WinRAR, which has been popular as a powerful archive manager for over two decades now, is used for backing up data, compressing files and thus reducing the size of email attachments, decompressing files (RAR, ZIP and other formats) downloaded from the Internet and creating new file archives in both RAR and ZIP formats. Researchers have now detected a 19-year-old bug in this popular archive manager.
Security researchers at Check Point, the Tel Aviv-based cybersecurity firm, have discovered in WinRAR a bug that has been undetected for long. They discovered the bug during a fuzz test, an automated software testing technique used to induce software crashes by feeding random data.
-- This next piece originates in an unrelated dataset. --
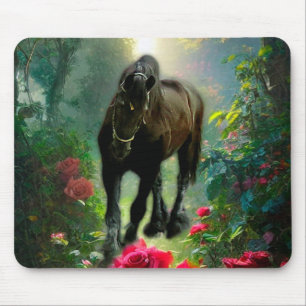 Tapis De Souris Imaginaire de cheval friésien de beauté noire - Pa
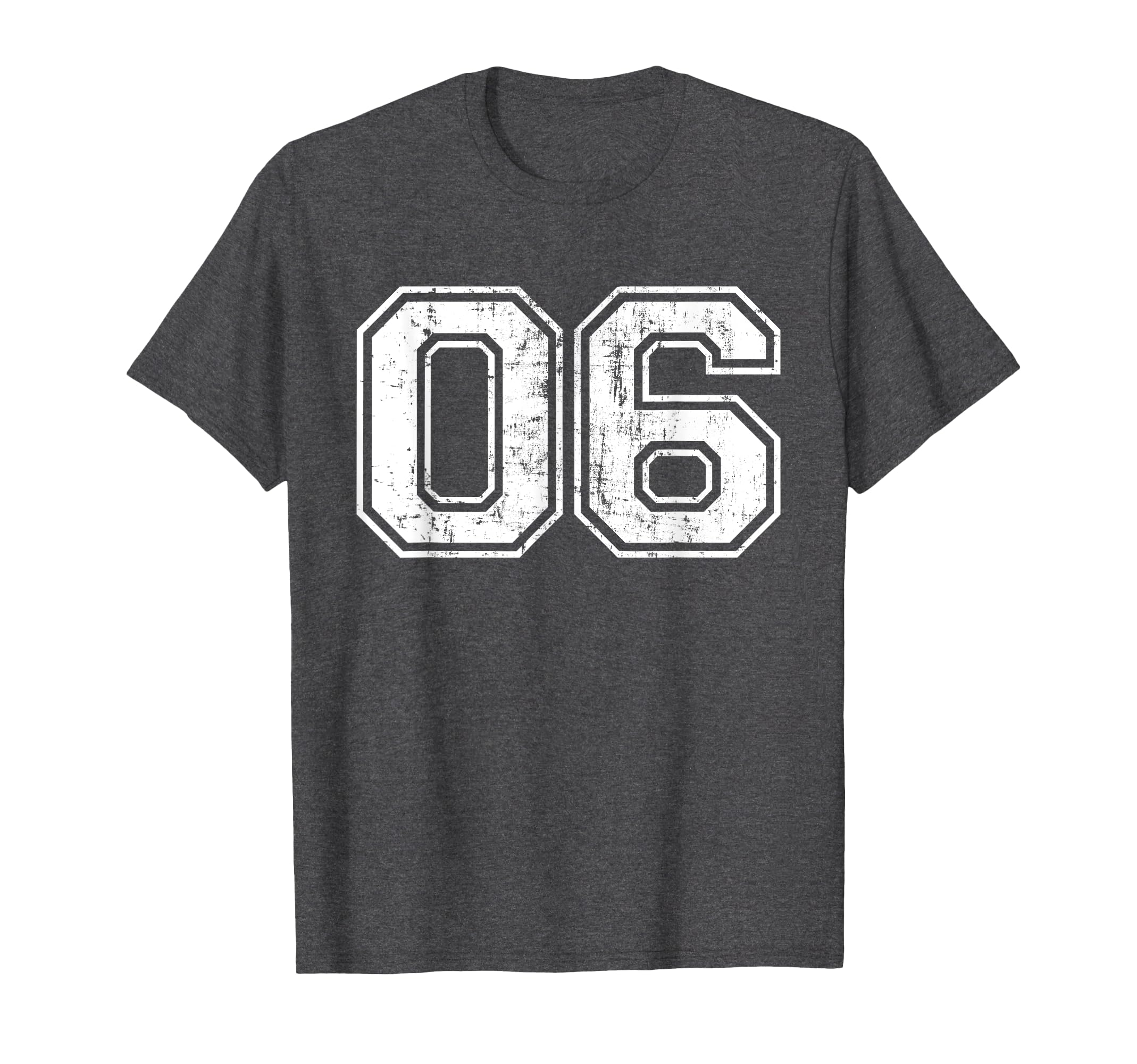 Number 06 Six Varsity Distressed T-Shirt - Novelty Apparel for Adults - T-Shirt, Sweatshirt, Hoodie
They found that this vulnerability can be used by hackers to install malware in a system and gain control over it.
A detailed Check Point article, based on research by security researcher Nadav Grossman, discusses various aspects of this bug. The article says, “A few months ago, our team built a multi-processor fuzzing lab and started to fuzz binaries for Windows environments using the WinAFL fuzzer. After the good results we got from our Adobe Research, we decided to expand our fuzzing efforts and started to fuzz WinRAR too…One of the crashes produced by the fuzzer led us to an old, dated dynamic link library (dll) that was compiled back in 2006 without a protection mechanism (like ASLR, DEP, etc.) and is used by WinRAR.”
The article further explains, “We turned our focus and fuzzer to this “low hanging fruit” dll, and looked for a memory corruption bug that would hopefully lead to Remote Code Execution…However, the fuzzer produced a test case with “weird” behavior. After researching this behavior, we found a logical bug: Absolute Path Traversal. From this point on it was simple to leverage this vulnerability to a remote code execution.”
So, as explained, the vulnerability, caused by an old dll (UNACEV2.dll) used to process files compressed in ACE format, has put at risk over 500 million users. Hackers can exploit this bug and put executable files into a system’s start-up folder and consequently, programs would automatically run during every bootup. Another issue is that the severity of this vulnerability gets increased as any malicious ACE archive could be renamed into another RAR compression format without losing the exploit.
However, the creators of WinRAR, on being intimated of this issue, have decided to drop UNACEV2.dll from their package, and also stopped supporting ACE format from the latest version (version number: “5.70 beta 1”).